:: Information shown

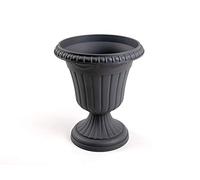 Formplastic - Vaso decorativo per piante con anfora, altezza 42 cm, colore: grigio antracite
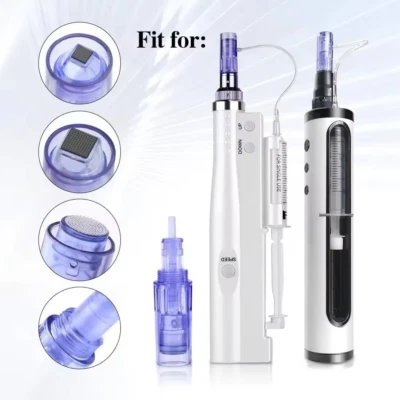 Microneedle Micro Penna Rimozione Rughe Ringiovanimento Pelle Parti 9/12/24/36/42Pin - Immagine 1 di 4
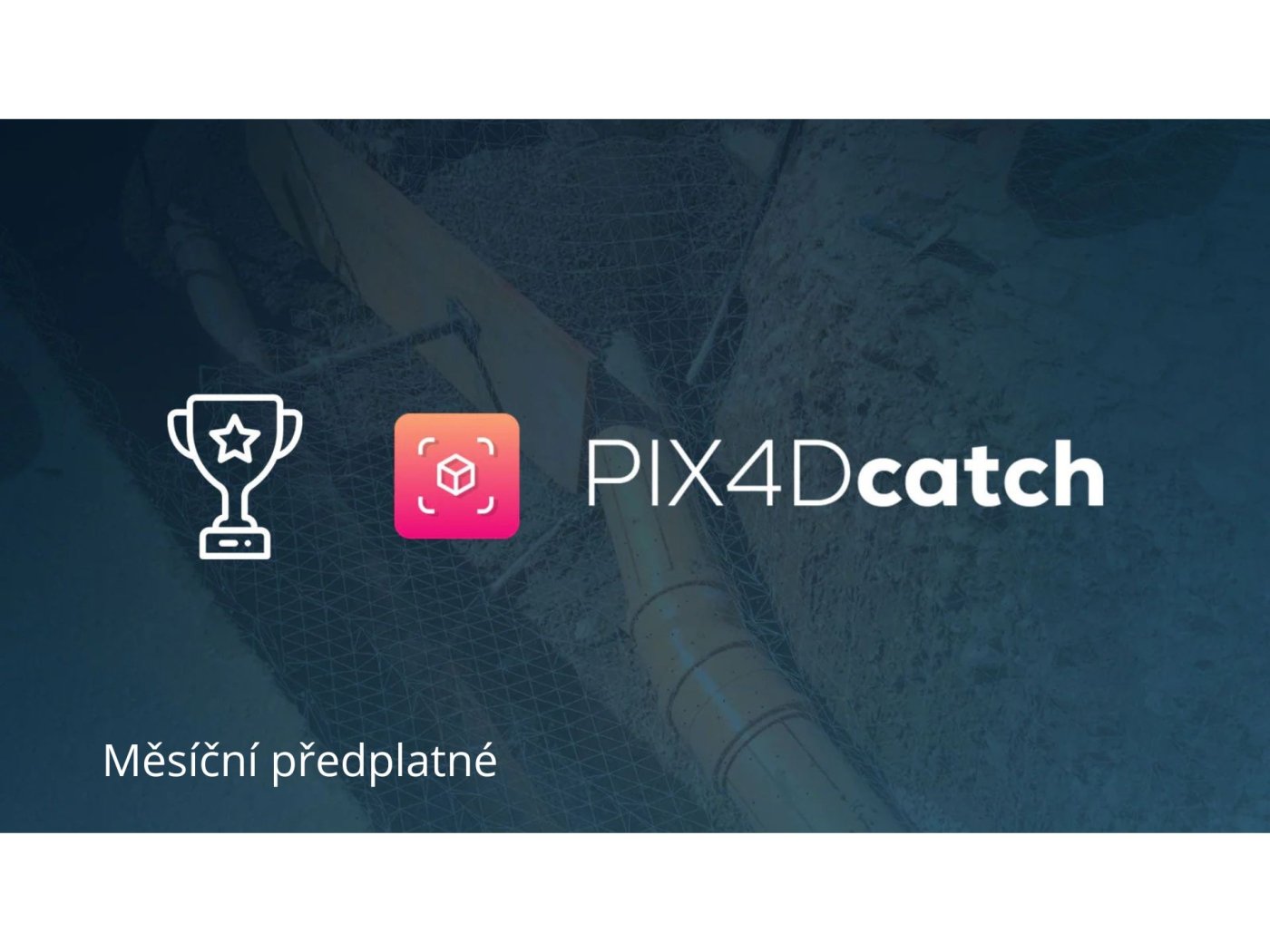PIX4Dcatch Professional - měsíční předplatné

::::

Wherever a picture appears in the data, please drop it and retype the rest exactly.

■ Response to this exercise
 Formplastic - Vaso decorativo per piante con anfora, altezza 42 cm, colore: grigio antracite
 Microneedle Micro Penna Rimozione Rughe Ringiovanimento Pelle Parti 9/12/24/36/42Pin - Immagine 1 di 4
PIX4Dcatch Professional - měsíční předplatné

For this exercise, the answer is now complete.